Molyneux Andrew, Kerr Richard, Stratton Irene, Sandercock Peter, Clarke Mike, Shrimpton Julia, Holman Rury
ISAT, Neurovascular Research Unit, Radcliffe Infirmary, Oxford OX2 6HE, UK.
Lancet. 2002 Oct 26;360(9342):1267-74. doi: 10.1016/s0140-6736(02)11314-6.
Endovascular detachable coil treatment is being increasingly used as an alternative to craniotomy and clipping for some ruptured intracranial aneurysms, although the relative benefits of these two approaches have yet to be established. We undertook a randomised, multicentre trial to compare the safety and efficacy of endovascular coiling with standard neurosurgical clipping for such aneurysms judged to be suitable for both treatments.
We enrolled 2143 patients with ruptured intracranial aneurysms and randomly assigned them to neurosurgical clipping (n=1070) or endovascular treatment by detachable platinum coils (n=1073). Clinical outcomes were assessed at 2 months and at 1 year with interim ascertainment of rebleeds and death. The primary outcome was the proportion of patients with a modified Rankin scale score of 3-6 (dependency or death) at 1 year. Trial recruitment was stopped by the steering committee after a planned interim analysis. Analysis was per protocol.
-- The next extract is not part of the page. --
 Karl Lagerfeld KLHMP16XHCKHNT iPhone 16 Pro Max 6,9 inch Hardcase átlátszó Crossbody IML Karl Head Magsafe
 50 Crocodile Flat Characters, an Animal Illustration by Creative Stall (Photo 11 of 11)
190 of 801 (23.7%) patients allocated endovascular treatment were dependent or dead at 1 year compared with 243 of 793 (30.6%) allocated neurosurgical treatment (p=0.0019). The relative and absolute risk reductions in dependency or death after allocation to an endovascular versus neurosurgical treatment were 22.6% (95% CI 8.9-34.2) and 6.9% (2.5-11.3), respectively. The risk of rebleeding from the ruptured aneurysm after 1 year was two per 1276 and zero per 1081 patient-years for patients allocated endovascular and neurosurgical treatment, respectively.
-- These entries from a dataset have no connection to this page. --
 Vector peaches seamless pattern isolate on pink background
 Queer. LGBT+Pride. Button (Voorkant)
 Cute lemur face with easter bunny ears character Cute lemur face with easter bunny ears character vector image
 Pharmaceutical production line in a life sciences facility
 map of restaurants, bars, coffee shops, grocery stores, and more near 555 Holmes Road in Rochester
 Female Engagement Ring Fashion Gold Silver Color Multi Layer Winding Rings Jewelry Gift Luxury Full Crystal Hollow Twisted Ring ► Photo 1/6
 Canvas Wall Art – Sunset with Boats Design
In patients with a ruptured intracranial aneurysm, for which endovascular coiling and neurosurgical clipping are therapeutic options, the outcome in terms of survival free of disability at 1 year is significantly better with endovascular coiling. The data available to date suggest that the long-term risks of further bleeding from the treated aneurysm are low with either therapy, although somewhat more frequent with endovascular coiling.
血管内可脱性弹簧圈治疗正越来越多地被用作某些破裂颅内动脉瘤开颅夹闭术的替代方法,尽管这两种方法的相对益处尚未明确。我们进行了一项随机、多中心试验,以比较血管内弹簧圈栓塞术与标准神经外科夹闭术对判定适合两种治疗的此类动脉瘤的安全性和有效性。
我们纳入了2143例破裂颅内动脉瘤患者,并将他们随机分配至神经外科夹闭术组(n = 1070)或可脱性铂弹簧圈血管内治疗组(n = 1073)。在2个月和1年时评估临床结局,并对再出血和死亡进行中期确定。主要结局是1年时改良Rankin量表评分为3 - 6分(依赖或死亡)的患者比例。在计划的中期分析后,指导委员会停止了试验招募。分析按方案进行。
分配至血管内治疗的801例患者中有190例(23.7%)在1年时依赖或死亡,而分配至神经外科治疗的793例患者中有243例(30.6%)(p = 0.0019)。分配至血管内治疗与神经外科治疗后依赖或死亡的相对和绝对风险降低分别为22.6%(95%CI 8.9 - 34.2)和6.9%(2.5 - 11.3)。分配至血管内和神经外科治疗的患者,破裂动脉瘤1年后再出血风险分别为每1276患者年2例和每1081患者年0例。
对于破裂颅内动脉瘤患者,血管内弹簧圈栓塞术和神经外科夹闭术均为治疗选择,血管内弹簧圈栓塞术在1年时无残疾生存方面的结局显著更好。迄今可得的数据表明,两种治疗方法中经治疗的动脉瘤进一步出血的长期风险均较低,尽管血管内弹簧圈栓塞术稍更常见。